→ Task statement
Return, exactly and in full, the lines of the records below starting at the one with "Hotel Mia 34/72" and ending at the one with "Photo 32 of", and no other lines.

[Web page caption snippets]
+++++

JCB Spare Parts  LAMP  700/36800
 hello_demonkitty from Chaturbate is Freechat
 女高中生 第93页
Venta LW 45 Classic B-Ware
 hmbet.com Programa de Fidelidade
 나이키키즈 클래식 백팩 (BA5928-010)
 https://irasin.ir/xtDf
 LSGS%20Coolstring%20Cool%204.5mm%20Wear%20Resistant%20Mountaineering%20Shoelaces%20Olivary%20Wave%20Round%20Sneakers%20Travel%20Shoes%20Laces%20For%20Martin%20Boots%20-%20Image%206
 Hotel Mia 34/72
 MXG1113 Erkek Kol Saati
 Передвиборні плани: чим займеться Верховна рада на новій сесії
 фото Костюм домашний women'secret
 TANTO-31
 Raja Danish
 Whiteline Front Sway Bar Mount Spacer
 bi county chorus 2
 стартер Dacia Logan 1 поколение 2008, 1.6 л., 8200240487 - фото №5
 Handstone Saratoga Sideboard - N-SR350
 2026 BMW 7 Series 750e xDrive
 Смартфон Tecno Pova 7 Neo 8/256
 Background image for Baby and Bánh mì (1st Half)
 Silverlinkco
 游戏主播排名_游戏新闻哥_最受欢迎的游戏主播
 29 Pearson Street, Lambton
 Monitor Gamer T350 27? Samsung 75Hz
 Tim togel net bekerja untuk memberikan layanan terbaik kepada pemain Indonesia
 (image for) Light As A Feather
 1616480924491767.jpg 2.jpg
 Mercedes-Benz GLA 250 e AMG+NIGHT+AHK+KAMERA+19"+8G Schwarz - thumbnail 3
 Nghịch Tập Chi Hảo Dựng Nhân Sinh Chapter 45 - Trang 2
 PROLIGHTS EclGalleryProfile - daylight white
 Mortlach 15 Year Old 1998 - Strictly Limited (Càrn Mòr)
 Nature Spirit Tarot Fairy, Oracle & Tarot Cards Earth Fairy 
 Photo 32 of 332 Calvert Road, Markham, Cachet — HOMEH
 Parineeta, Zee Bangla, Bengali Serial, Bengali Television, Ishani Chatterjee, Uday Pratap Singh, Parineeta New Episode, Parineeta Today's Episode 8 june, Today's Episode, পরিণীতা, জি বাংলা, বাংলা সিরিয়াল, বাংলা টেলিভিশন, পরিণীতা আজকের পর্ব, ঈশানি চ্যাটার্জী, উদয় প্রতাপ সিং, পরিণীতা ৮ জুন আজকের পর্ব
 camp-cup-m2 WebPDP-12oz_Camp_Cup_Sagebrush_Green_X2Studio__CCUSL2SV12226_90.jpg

+++++

→ Solution below
 Hotel Mia 34/72
 MXG1113 Erkek Kol Saati
 Передвиборні плани: чим займеться Верховна рада на новій сесії
 фото Костюм домашний women'secret
 TANTO-31
 Raja Danish
 Whiteline Front Sway Bar Mount Spacer
 bi county chorus 2
 стартер Dacia Logan 1 поколение 2008, 1.6 л., 8200240487 - фото №5
 Handstone Saratoga Sideboard - N-SR350
 2026 BMW 7 Series 750e xDrive
 Смартфон Tecno Pova 7 Neo 8/256
 Background image for Baby and Bánh mì (1st Half)
 Silverlinkco
 游戏主播排名_游戏新闻哥_最受欢迎的游戏主播
 29 Pearson Street, Lambton
 Monitor Gamer T350 27? Samsung 75Hz
 Tim togel net bekerja untuk memberikan layanan terbaik kepada pemain Indonesia
 (image for) Light As A Feather
 1616480924491767.jpg 2.jpg
 Mercedes-Benz GLA 250 e AMG+NIGHT+AHK+KAMERA+19"+8G Schwarz - thumbnail 3
 Nghịch Tập Chi Hảo Dựng Nhân Sinh Chapter 45 - Trang 2
 PROLIGHTS EclGalleryProfile - daylight white
 Mortlach 15 Year Old 1998 - Strictly Limited (Càrn Mòr)
 Nature Spirit Tarot Fairy, Oracle & Tarot Cards Earth Fairy 
 Photo 32 of 332 Calvert Road, Markham, Cachet — HOMEH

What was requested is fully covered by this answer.